Remembering Ralph Shaw
Ralph Shaw was an academic librarian, an educator, and in 1950, the founder of Scarecrow press. He was known as an outspoken guy who forged his career more on the basis of saying what he thought than making friends. I first read about him in Ken Kister’s biography of Eric Moon, which is a great book for learning about the library scene of the mid-20th century. Ralph Shaw’s efforts have inspired me as I have been building up Library Juice Press and Litwin Books along some of the same lines. The barriers to publishing were higher then, and came down most significantly around 1990, when the cost of printing dramatically dropped and many small presses such as mind sprouted up. The way he did it at that time though, as an academic librarian jumping into the scholarly book market, was a method that still applies in my case: operating on extremely low overhead and hustling to find good books that major publisher either miss or don’t want to risk their less-efficient money on. (Don’t read into that that Library Juice Press has lower standards than other publishers in the field.
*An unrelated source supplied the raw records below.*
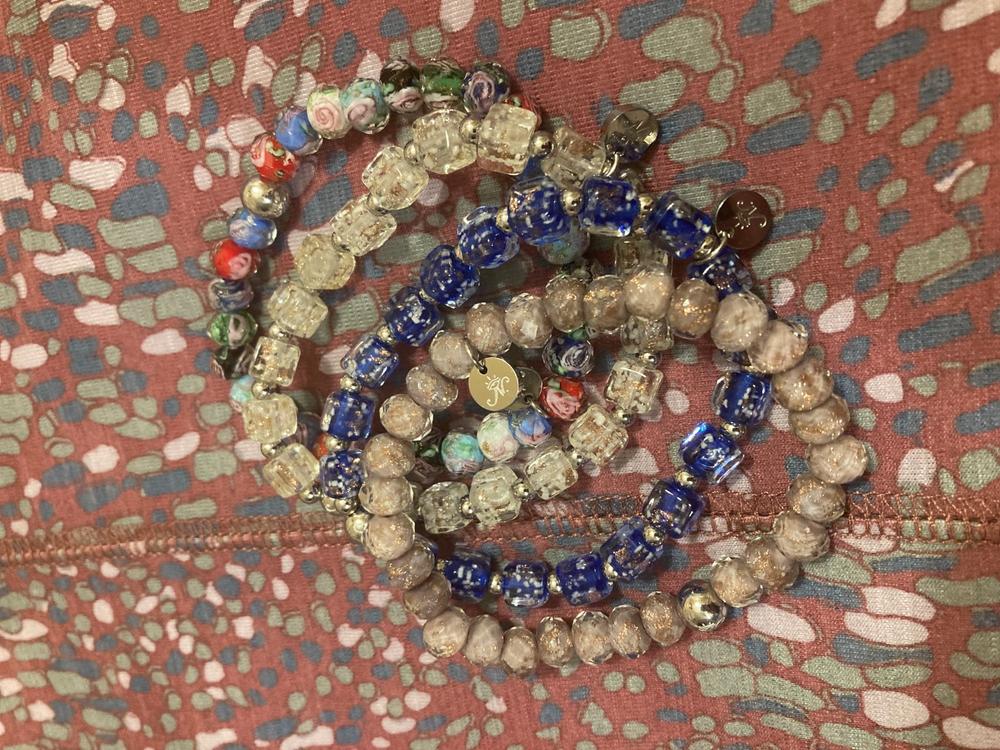 Periwinkle | Firefly Glass Diamonds Bracelet - Customer Photo From Catherine McGrath
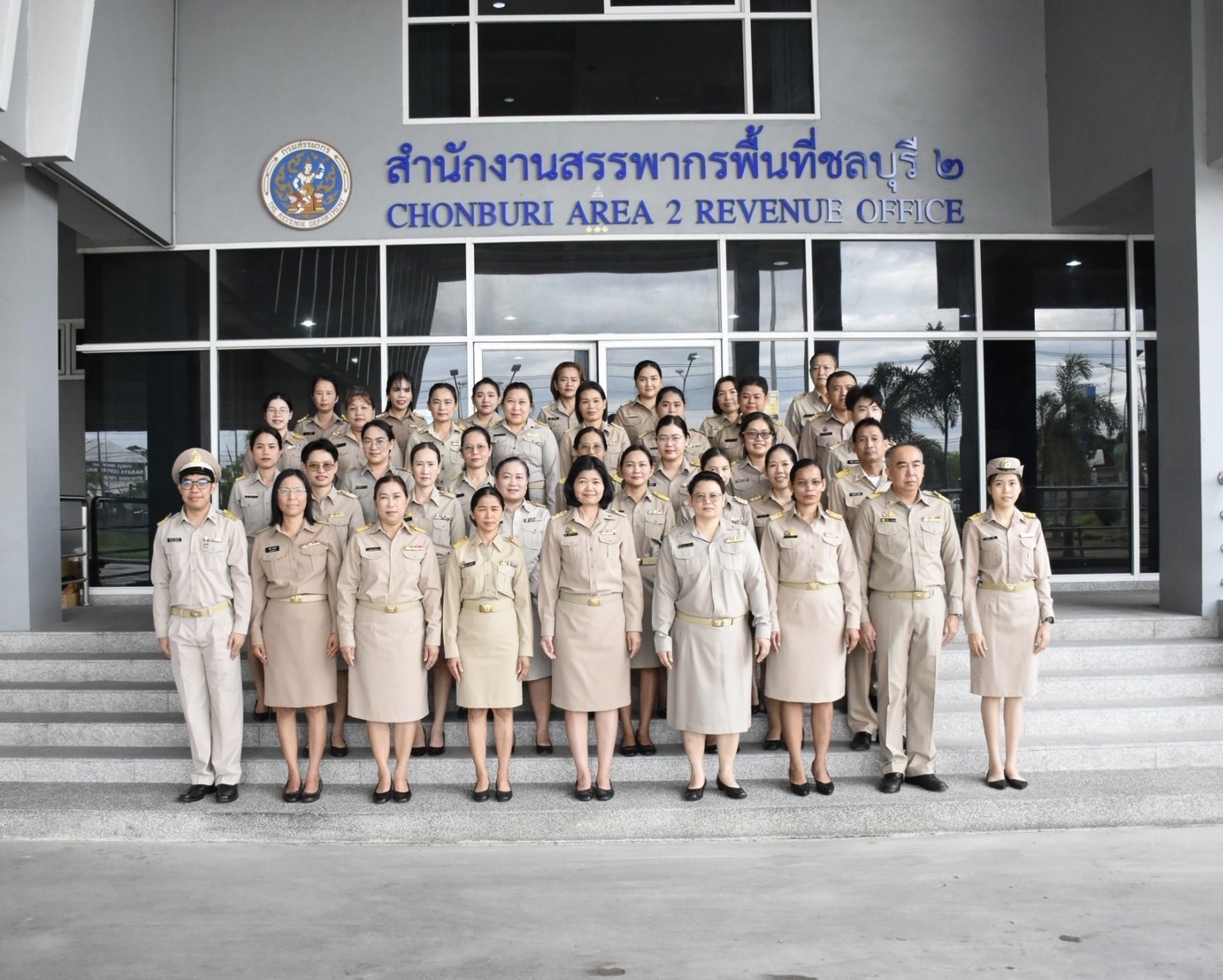 สำนักงานสรรพากรพื้นที่ชลบุรี 2 จัดกิจกรรมเคารพธงชาติและร้องเพลงชาติไทย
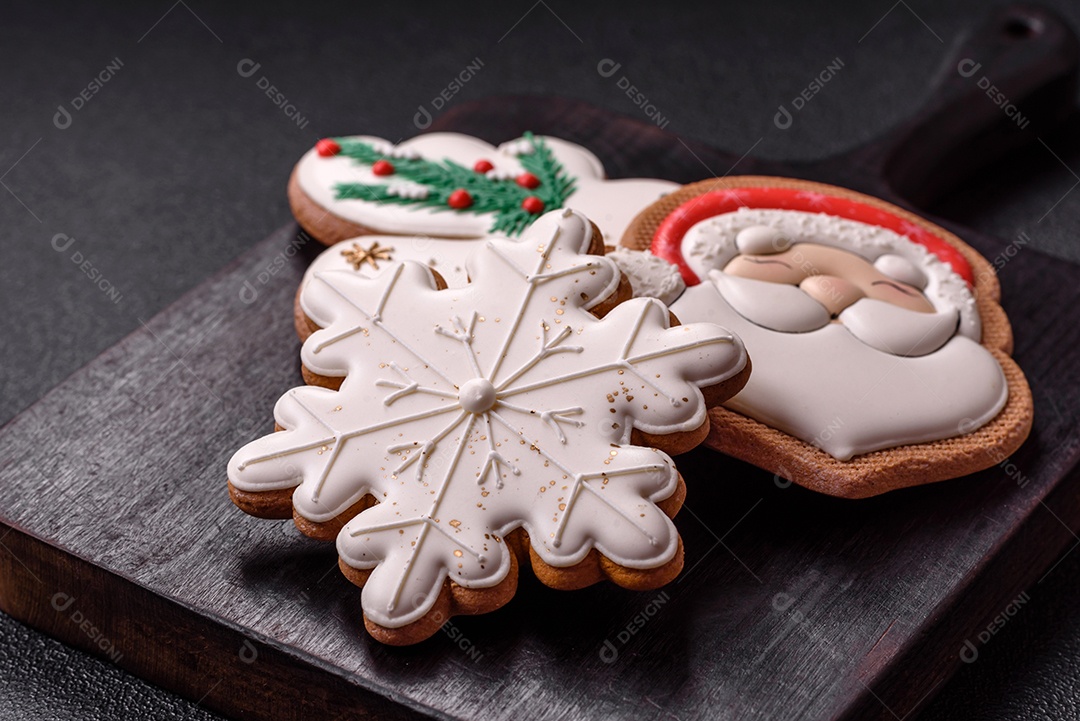 A imagem mostra biscoitos de gengibre (gingerbread) decorados, tipicamente associados ao Natal.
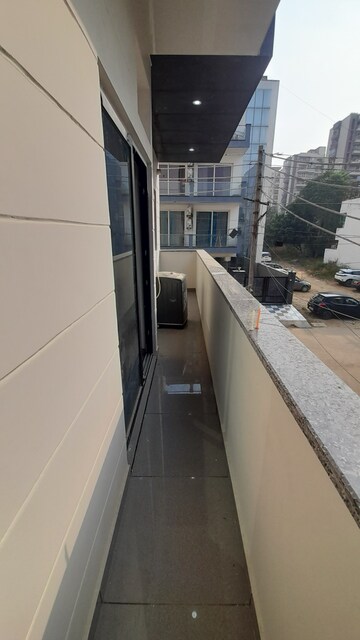 Balcony in 1 BHK Builder Floor at Sector 43 – for Rent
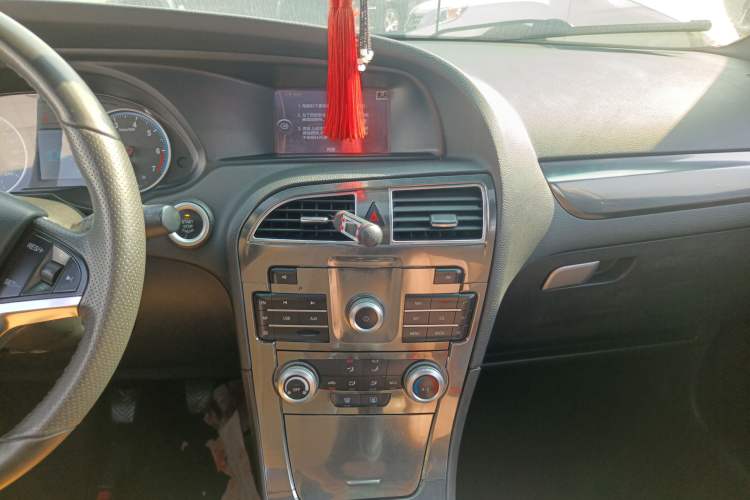 Used Brilliance V5 2016 1.5T Manual Two-Wheel Drive Smart Version Audio And AC Panel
On the contrary, we have directed several projects to better-known publishers over quality concerns, who have taken them on.)
All of this is to introduce a link to an old article that is now freely available on the web: “To Remember Ralph Shaw,” from Current Contents #23, June 5, 1978. I am not sure why the library at U Penn has posted the article, but I’m glad that they did. The article is from Eugene Garfield’s regular column, titled, “Essays of an Information Scientist.” (Eugene Garfield founded ISI.)